On Monday 20 June 2005 12:43 am, Chris Zakelj wrote:
> Dave Feustel wrote:
> 
> >The device is obviously not new.  What *is* new is that it is being installed
> >as oem equipment inside of keyboards for HP and Dell systems and also inside
> >of  'used keyboards which can be unobtrusively switched in for older 
> >keyboards.
> >Then the companies doing the switching can secretly monitor all the 
> >keystrokes
> >of the user, picking up everything the user types.  There is no way to 
> >detect the
> >keylogger short of opening up the keyboard. Shortly I predict the keylogging
> >functiion will be incorporated into the keyboard cpu so that even opening up 
> >the
> >keyboard will not permit the presence of the logger to be detected. 
> >
> >What's new is that this functionality now comes builtin to new systems, 
> >possibly at the
> >behest of Homeland Security, which would in that case know the password 
> >needed
> >to retrieve the logged keystrokes.

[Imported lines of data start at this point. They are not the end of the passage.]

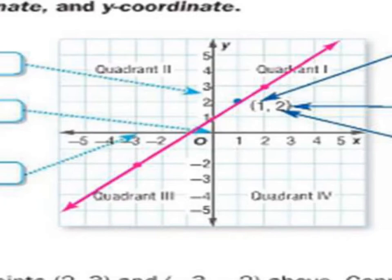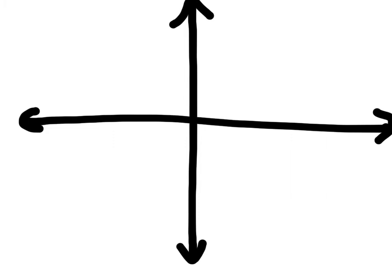I will draw some examples for you, and hopefully you will tell me if it is proportional or not. Most of these I mean to be straight, but drawing straight lines can be hard. So let's look at this line — is it straight? Yes. Does it go through the origin? No, it does not. What about this line? Is it straight? Yes. Does it go through the origin? Yes — there it is. What about this line? Does it go through the origin? Yes. Is it a straight line? Yes.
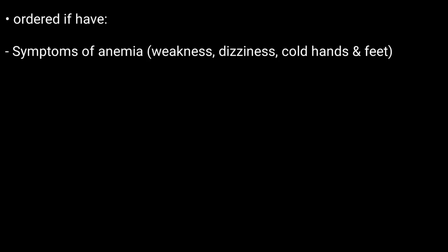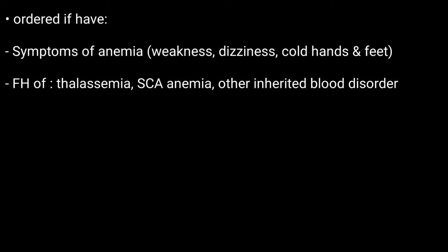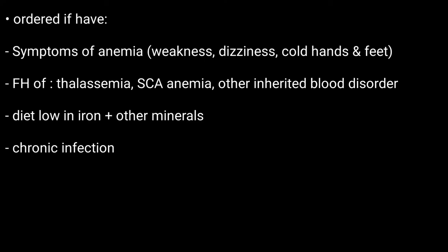In what cases do you need this test? Hemoglobin test is ordered if you have symptoms of anemia, a family history of thalassemia, sickle cell anemia, or other inherited blood disorders, a diet low in iron and other minerals, a long-term infection, and excessive blood loss from an injury or other surgical procedures.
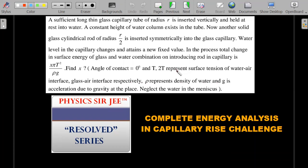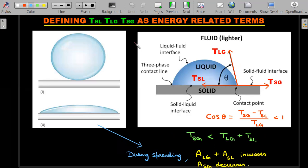Let's dive into the concept analysis bit by bit. In previous videos I used a similar diagram — links are in the description and i-button — exploring TSL, TLG, and TSG in force-related terms. Now we highlight the energy-related understanding of these three interfacial tensions. Watch that video and come back if needed.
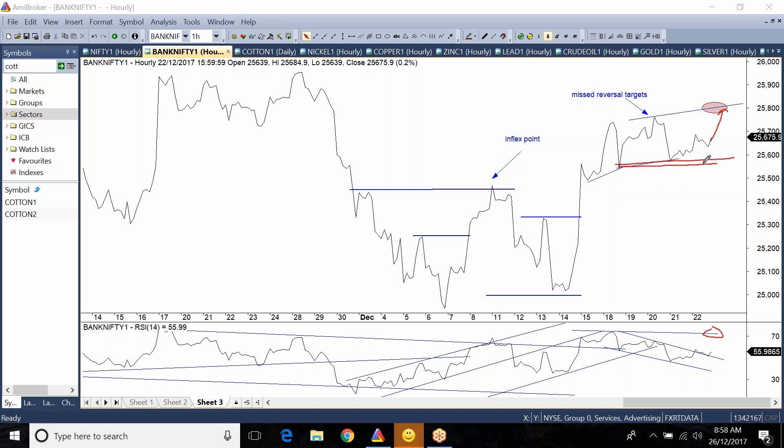Now if this does not materialize and there is a correction, if this reversal target is not met, then we may see a corrective move to the downside. But anyway, first we have two scenarios. The first is that the price keeps up and reaches this target.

So far I see no defense against this 
> >spying
> >technique of password capture.
> >
> If you haven't noticed, companies (probably driven by lawyer paranoia) 
> have been becoming more and more aware of the problems associated with 
> employees misusing email.  While as a person I find this rather 
> intrusive and annoying, as an employee and (I shudder to think) 

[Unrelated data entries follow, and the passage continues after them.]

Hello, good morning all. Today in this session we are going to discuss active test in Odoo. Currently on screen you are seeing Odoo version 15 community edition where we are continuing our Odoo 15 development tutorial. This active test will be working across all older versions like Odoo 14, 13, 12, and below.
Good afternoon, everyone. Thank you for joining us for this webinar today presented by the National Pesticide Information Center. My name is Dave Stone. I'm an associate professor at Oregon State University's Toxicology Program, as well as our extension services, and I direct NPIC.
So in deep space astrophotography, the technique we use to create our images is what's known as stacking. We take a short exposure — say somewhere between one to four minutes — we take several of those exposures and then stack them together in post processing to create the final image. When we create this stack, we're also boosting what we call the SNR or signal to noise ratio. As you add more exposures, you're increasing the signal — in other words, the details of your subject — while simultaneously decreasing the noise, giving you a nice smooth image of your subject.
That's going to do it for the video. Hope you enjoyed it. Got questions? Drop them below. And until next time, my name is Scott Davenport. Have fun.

> potential PHB in 40 years, I find nothing wrong with it.  My continued 
> employment depends, in part, on the positive public image my 
> predecessors have spent years building up, and to have it destroyed by a 
> couple of people using company resources in inappropriate ways would 
> really tick me off.  Do they have a right to see what I do at home?  
> Hell no, it's not their resources I'm using.  But when I'm at the 
> office, they've got every right, because it's their equipment, and their 
> bandwidth.

I agree.
 
> As for the "homeland security" argument, do you have any idea how much 
> raw data they'd have to sift through before coming to something 
> appearing to be a password?  This really wanders into the realm of "only 
> the criminals have something to fear", simply because monitoring every 
> computer user in the country would be a task only HAL could perform... 

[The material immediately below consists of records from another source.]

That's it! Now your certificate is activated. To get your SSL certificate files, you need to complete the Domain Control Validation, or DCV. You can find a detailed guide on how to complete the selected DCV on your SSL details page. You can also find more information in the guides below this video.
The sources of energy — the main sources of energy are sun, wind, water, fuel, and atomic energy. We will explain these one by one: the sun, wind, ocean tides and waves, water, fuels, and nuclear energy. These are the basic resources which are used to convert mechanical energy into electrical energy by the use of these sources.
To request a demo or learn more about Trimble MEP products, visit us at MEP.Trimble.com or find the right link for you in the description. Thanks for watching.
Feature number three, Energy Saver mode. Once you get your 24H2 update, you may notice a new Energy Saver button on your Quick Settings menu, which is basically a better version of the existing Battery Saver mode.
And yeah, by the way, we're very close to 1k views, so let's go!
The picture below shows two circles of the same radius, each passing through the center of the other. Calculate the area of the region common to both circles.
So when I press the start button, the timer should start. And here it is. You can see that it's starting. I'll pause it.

> and we all know how well that turned out.

You are making fact out of fiction and also dealing with the wrong scenario.
If everyone's keystrokes are monitored by a builtin keylogger in each computer,
then the computer of any 'person of interest' is an open book to any 3-letter
agency that decides to find out what that person has on his/her computer.
This power will be widely used illegally no matter what safeguards are proposed.